Reputation: 2556
I am using a custom function as part of a reduce operation. For the following example I am getting the following message TypeError: reduce() takes no keyword arguments
- I believe this is due to the way I am using the dictionary mapping
in the function exposed_colum
- Could you please help me fix this function?
from pyspark.sql import DataFrame, Row
from pyspark.sql.functions import col
from pyspark.sql import SparkSession
from functools import reduce
def process_data(df: DataFrame):
col_mapping = dict(zip(["name", "age"], ["a", "b"]))
# Do other things...
def exposed_column(df: DataFrame, mapping: dict):
return df.select([col(c).alias(mapping.get(c, c)) for c in df.columns])
return reduce(exposed_column, sequence=col_mapping, initial=df)
spark = SparkSession.builder.appName("app").getOrCreate()
l = [
("Bob", 25, "Spain"),
("Marc", 22, "France"),
("Steve", 20, "Belgium"),
("Donald", 26, "USA"),
]
rdd = spark.sparkContext.parallelize(l)
people = rdd.map(lambda x: Row(name=x[0], age=int(x[1]), country=x[2])).toDF()
people.show()
process_data(people).show()
people.show()
is looking like this
+---+-------+------+
|age|country| name|
+---+-------+------+
| 25| Spain| Bob|
| 22| France| Marc|
| 20|Belgium| Steve|
| 26| USA|Donald|
+---+-------+------+
And this is the expected output
+------+---+
| a| b|
+------+---+
| Bob| 25|
| Marc| 22|
| Steve| 20|
|Donald| 26|
+------+---+
Upvotes: 0
Views: 520
Reputation: 13459
reduce
does not take keywords, that’s true.
Once you remove the keywords, you’ll notice a more serious issue though: when you iterate over a dictionary, you’re iterating over its keys only.
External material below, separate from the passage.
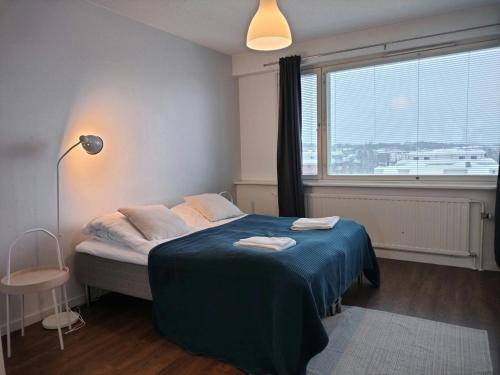 Postel nebo postele na pokoji v ubytování Central Apartment for 3 in Kuopio Center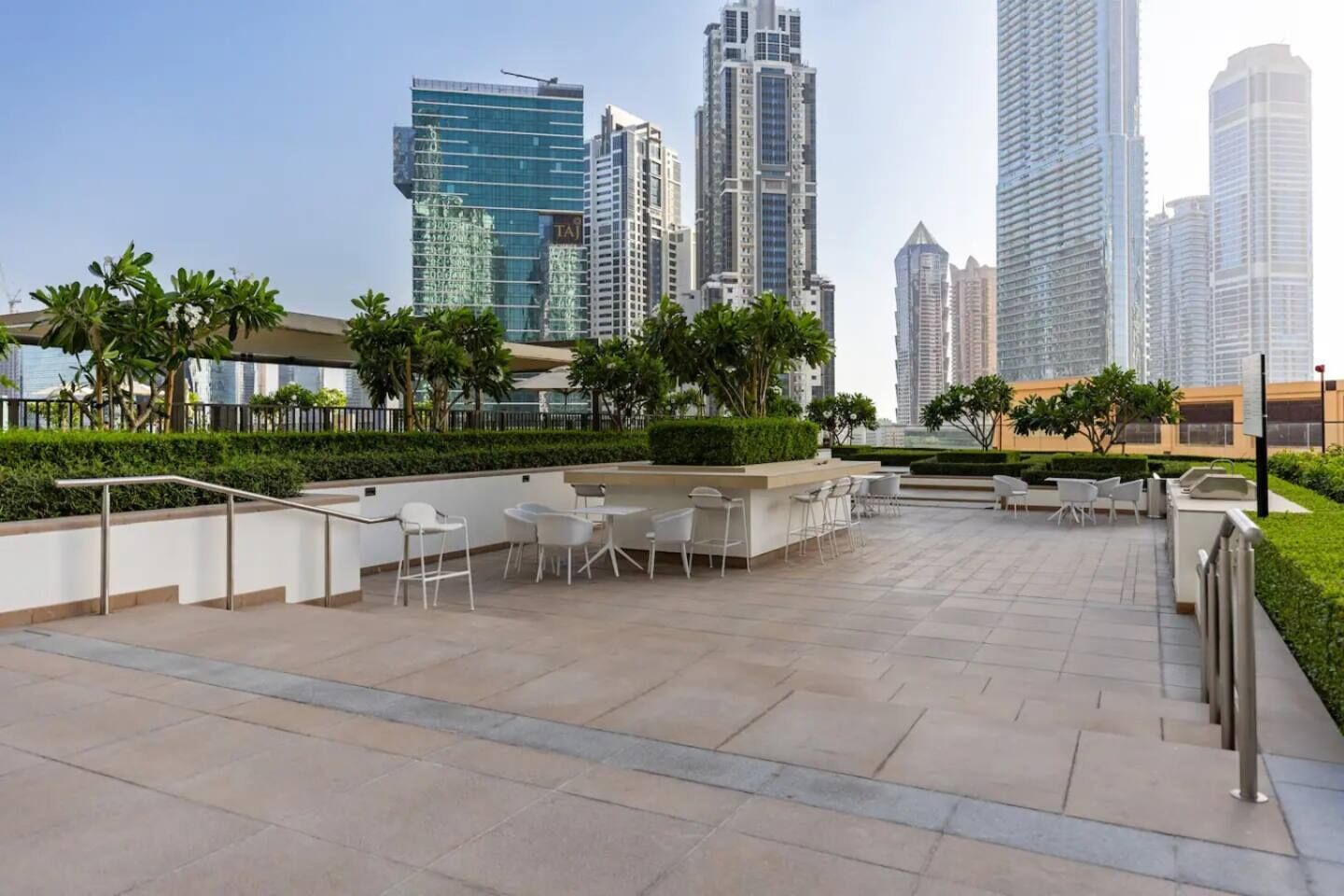 En takterrass med utomhusmöbler och utsikt över höga byggnader.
So the function in which you're trying to batch rename the columns won’t do what you had in mind.
One way to do a batch column rename, would be to iterate over the dictionary’s items
:
from typing import Mapping
from pyspark.sql import DataFrame
def rename_columns(frame: DataFrame, mapping: Mapping[str, str]) -> DataFrame:
return reduce(lambda f, old_new: f.withColumnRenamed(old_new[0], old_new[1]),
mapping.items(), frame)
This allows you to pass in a dictionary (note that the recommendation for adding type hints to arguments is to use Mapping
, not dict
) that maps column names to other names. Fortunately, withColumnRenamed
won’t complain if you try to rename a column that isn’t in the DataFrame
, so this is equivalent to your mapping.get(c, c)
.
One thing I’m not noticing in your code is that it is dropping the country
column. So that’ll still be in your output.
Upvotes: 2